Importantly, plaintiffs “offer[ed] nothing to supplant [the District’s documentation] other than
their representations as to what they have been paid.” Id. Furthermore, Judge Harvey found that
plaintiffs’ “payment recordkeeping is unreliable by comparison, thereby undermining [p]laintiffs’
ability to challenge [d]efendant’s records with their own.” Id. at 20. To explain, plaintiffs’ counsel
was paid in one large check for fees relating to services provided to several different children,
which he then attempted to parse how much of each check was attributable to each child, a difficult,
confusing, and sometimes inexact process. Id. Plaintiffs’ counsel also “could not accurately
describe the process he used to search his records in preparation for the evidentiary hearing,” and
such records were not kept in any easily searchable electronic database. Id. Thus “[p]laintiffs’
recordkeeping system made it almost impossible to be sure that the correct payment amounts were
attributed to each child and, even assuming they were, that a portion of the amount attributed to a
particular child could then be meaningfully attributed to one or more of the HODs at issue in this
case, since many of these children had many other HODs not presented in these eleven
consolidated cases.” Id.
As they did before Judge Harvey, plaintiffs object again to the reliance on the District’s
payment documentation as prima facie evidence of payment, arguing that it is inaccurate and that
plaintiffs have never vouched for its accuracy. Pls.’ Objections at 3–4. Plaintiffs argue that the
District has only presented evidence of intent to pay and that the only reliable evidence the District
can provide is post-payment evidence, which no longer exists. Id. at 5. Plaintiffs also argue that
they are not simply relying on their own representations, but that in several instances plaintiffs
provided invoices to the court. Id. at 6. Plaintiffs have invoices for Jackson, N. (AC (Clark)),
Ward. R. (AC (Clark)), Watkins, M. (AC (Clark)), Boney, A. (Adams), Curtis-Walker, R. (Adams),
Perkins, L. (Adams), and Hopkins, A. (Adams). Plaintiffs complain that Judge Harvey “applie[d]

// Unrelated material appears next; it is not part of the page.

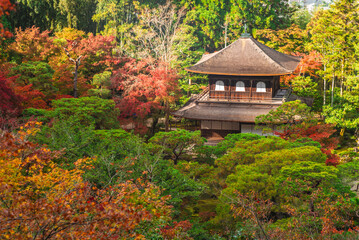 Ginkaku, the Temple of the Silver Pavilion located in Kyoto, Japan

a double standard to [p]laintiffs’ evidence as compared to [d]efendant’s by stating that the invoices
provided by [p]laintiffs ‘do not bear on the question of how much had actually been paid in a given
case, only that a particular amount had been billed,’ while stating in the body of the following page
that [d]efendant’s ‘documents indicate that a payment has been “approved” for a certain amount .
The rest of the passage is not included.